What is a Wholesale Deal in Real Estate?
A wholesale deal is a real estate transaction where the buyer (wholesaler) puts a property under contract with a motivated seller, then sells or assigns that contract to an end buyer for a profit before closing. The wholesaler never takes ownership of the property. Their profit comes from the assignment fee, which is the difference between the contract price with the seller and the price the end buyer pays.
What makes a deal "wholesale"
A deal is wholesale when three conditions are met: (1) the property is acquired at a below-market price from a motivated seller, (2) the contract is transferred to an end buyer rather than the wholesaler closing on the purchase themselves, and (3) the wholesaler's profit comes from the spread between the two prices, not from renovation or rental income.
Contrast this with a flip (where the investor buys, renovates, and sells) or a buy-and-hold (where the investor buys and rents).

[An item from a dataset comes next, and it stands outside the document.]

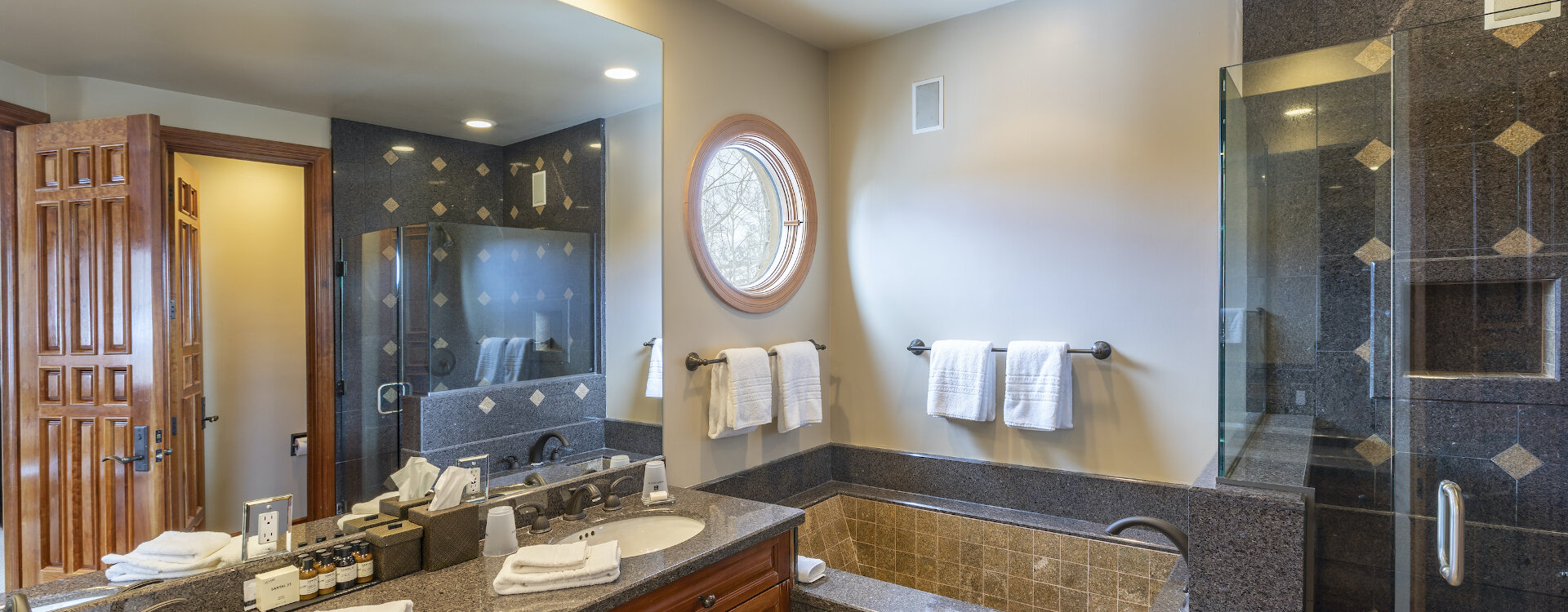 1.27-telluride-gold-hillguest-bathroom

In wholesaling, the investor never owns the property and never assumes renovation or ownership risk.
Anatomy of a wholesale deal
Seller: Motivated homeowner who needs to sell a $250,000 ARV property fast.
Contract price: $140,000 (signed with wholesaler).
Repairs needed: $45,000.
Assignment price: $152,000 (to end buyer).
Wholesaler's fee: $12,000.
End buyer's all-in: $152,000 + $45,000 = $197,000 on a $250,000 ARV (78.8%).
End buyer's projected flip profit: $250,000 - $197,000 - $20,000 (selling + holding costs) = $33,000.
Everyone benefits: the seller gets a fast cash close, the wholesaler earns $12,000 without buying the property, and the end buyer gets a deal with clear profit potential.
What makes a good wholesale deal
- Sufficient spread: The difference between contract price and ARV (minus repairs) must be large enough for both the wholesaler's fee and the buyer's profit. The 70% rule is the standard filter.
- Motivated seller: The seller must be willing to accept below-market pricing. Motivation comes from financial distress, time pressure, property condition, or life circumstances.
- Buyable by end investors: The deal must appeal to local cash buyers. This means the property type, location, price range, and condition align with what active investors in your market are buying.
- Clean title: No liens, encumbrances, or ownership disputes that would prevent or delay closing.